Explanation: Alligation: Boys = 35, Girls = 50, Avg = 40. Ratio (Boys : Girls) = (50 – 40) : (40 – 35) = 10 : 5 = 2:1. If 2 units = 30 boys, then 1 unit = 15 girls.

[Concept: Replacement Ratio Formula] A container contains pure milk. 10% of the milk is taken out and replaced with water. This process is done 2 times in total. Find the ratio of milk to water in the final mixture.

81:19
90:10
80:20
72:28

Explanation: Formula: Final Milk / Initial Volume = (1 – 10/100)^2 = (9/10)^2 = 81/100. This means if total volume is 100, milk is 81. So, water = 100 – 81 = 19. Ratio = 81:19.

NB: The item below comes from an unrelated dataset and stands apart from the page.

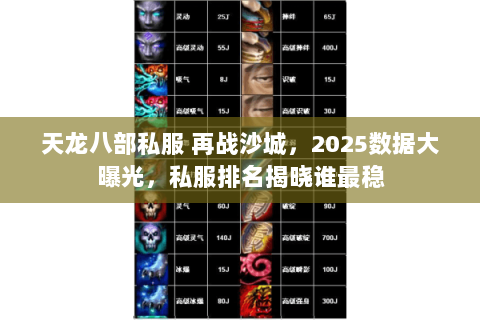 天龙八部私服 再战沙城，2025数据大曝光，私服排名揭晓谁最稳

[Concept: Replacement Ratio Formula] From a vessel filled with alcohol, 20% is removed and replaced with water. The process is repeated 3 times. What is the ratio of alcohol to the total mixture finally?

64:125
16:25
81:125
48:100

Explanation: Formula: a / (a+b) = ((x-p)/x)^n. Here, 20% is removed, which means (1 – 1/5) = 4/5 remains each time. After 3 times, Alcohol / Total = (4/5)^3 = 64 / 125. The ratio is 64:125.